Aspects of Darkness exist within us all. We've all felt the tug of greed,
anger, lust, gluttony and hate to certain extent and we've all taken measures
to hide this darkness. Power eliminates fear and reveals traits that we would
otherwise hide.

I'm not saying everyone is inherently evil, nor am I saying people can't
change. My belief is that people can change, some people are more evil than
others and that power reveals the true nature of a man.

------
marincounty
"Maria Konnikova casts some doubt on that conclusion, arguing that the real
lesson is the power of institutions to shape behavior, and how people are
shaped by those preexisting expectations." "Yes, power corrupts. But power
does not corrupt everyone equally.

    
    
      As just a middle aged man who has observed many people, including my own behavior; I have honestly found that 99% of the people(men, and women equally) will go along with the crowd/institution as long as it's legal, and involves their livelihood.  
    

My antidodial observations are mainly from work, or educational enviorments. I
was in a professional school years ago. (I won't mention the profession out of
privacy.)

The first day of class all the students were bright eyed, and filled with
optimism. Well as time went by it was pretty obvious that the profession was
based on antidodial evidence. I was beyond disillusioned, but kinda knew what
I was getting into before paying all that tuition money. At the time, their
was still enough bad research which confused the the truth that the whole
profession was placebo based, or basically a scam. I noticed all the students,
and all, but one Instructor, made up reasons to believe in the
program/profession.

These students, and teachers financial/educational lives would have been
negatively effected if they questioned the profession too much. So what did my
class(around 75 people) do when it became obvious the profession really didn't
work the way we told, or believed?

The students did absolutely nothing!

They didn't question the bad science the instructors were spewing. Their was
only one student who dared to question the profession, and his eventual
livelyhood, as I recall. The smarter students rationalized, or went onto
denial about the profession that was based on basically antidodial evidence,
and naieve politicians. Not one student walked away from that program--well
one, but for other reasons(nervous breakdown--I recall?). A married couple was
in my class. Her husband(23?, perfect health) had a stroke on a Sunday
afternoon, after getting a treatment from this profession/school. She showed
up on class a few days later. Her belief/denial was so strong, I don't think
she even dared to link his death with the school's faulty theories?

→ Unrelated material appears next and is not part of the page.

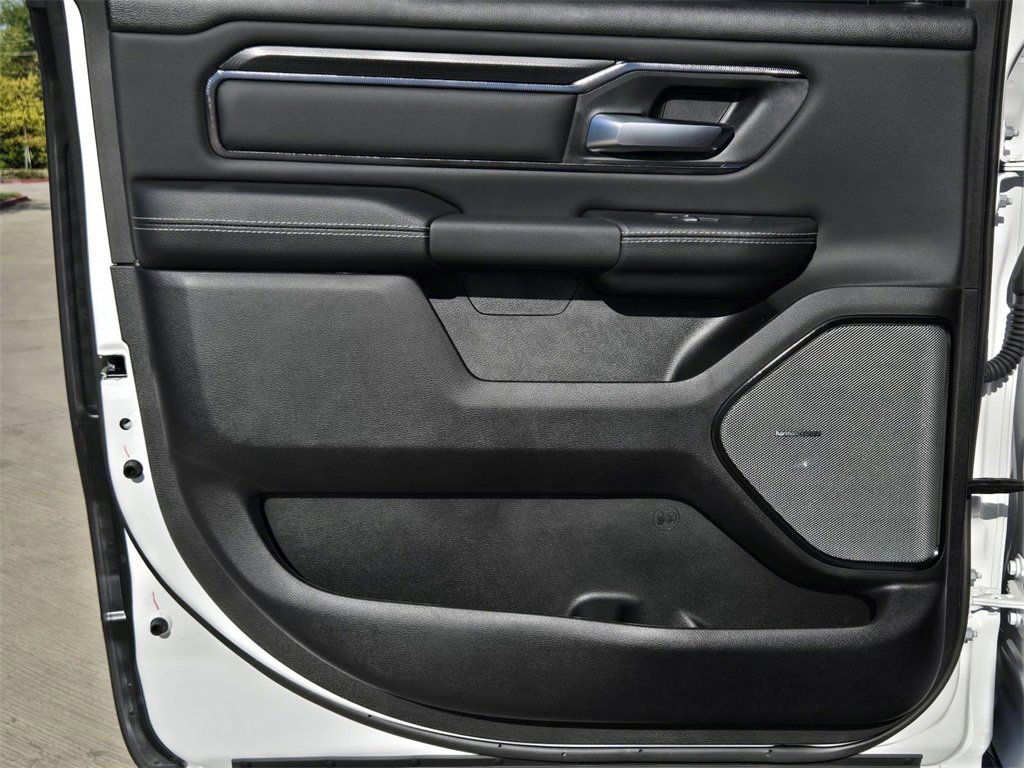 New 2026 RAM 1500 Rebel w/ Rebel Level 2 Equipment Group image 13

My point is no one dared to question the school/profession. Their hasn't been
a week that goes by that I don't think about the findings of that Stanford
Prision Experiment, and my experience at that school.

I have spent over twenty years looking at people in institutions(educational,
occupational, personal relationships), and found that most people just go
along with the crowd, or institution. Yes, I have found a few Rebels, but true
Rebels--I can literally count on one hand. By true, I mean calling the
institution's behavior out, or leaving.

The amount of compliance to bad/questionable institutions; I find very
depressing. No, there's no utopia, but what people do to other
people/environment because they--can, just reminds me how
scared/desperate/selfish/malleable, and in some cases just evil we all are?

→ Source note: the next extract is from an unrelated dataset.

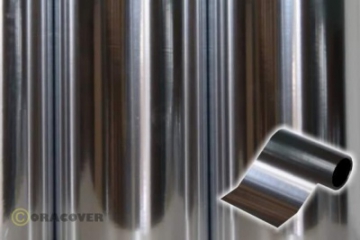 Oratrim 27-090-002 200x9,5cm Chrome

(This is nothing more than my ramblings on my life. It's purposely vague,
because I don't have facts--just antidotal evidence, and observations. I do
think about the intricacies of that study almost daily, and its findings hold
up on too many of my life situations/events. Sorry, about my writing. I just
don't have the energy to edit this. By the way, if you are a true Rebel; you
have my praise, and gratitude. I don't recommend fighting the institution if
you are poor--you might become homeless? I was no Rebel. I was in the 99%.)

If you have become Institutionalized by our society; I don't see anything
wrong with fighting the system in little ways? Just doing the right thing
every once in awhile helps? Nothing Big, and Dramatic, but truely doing the
right thing in a merky situation might help? Wow--I feel depressed.)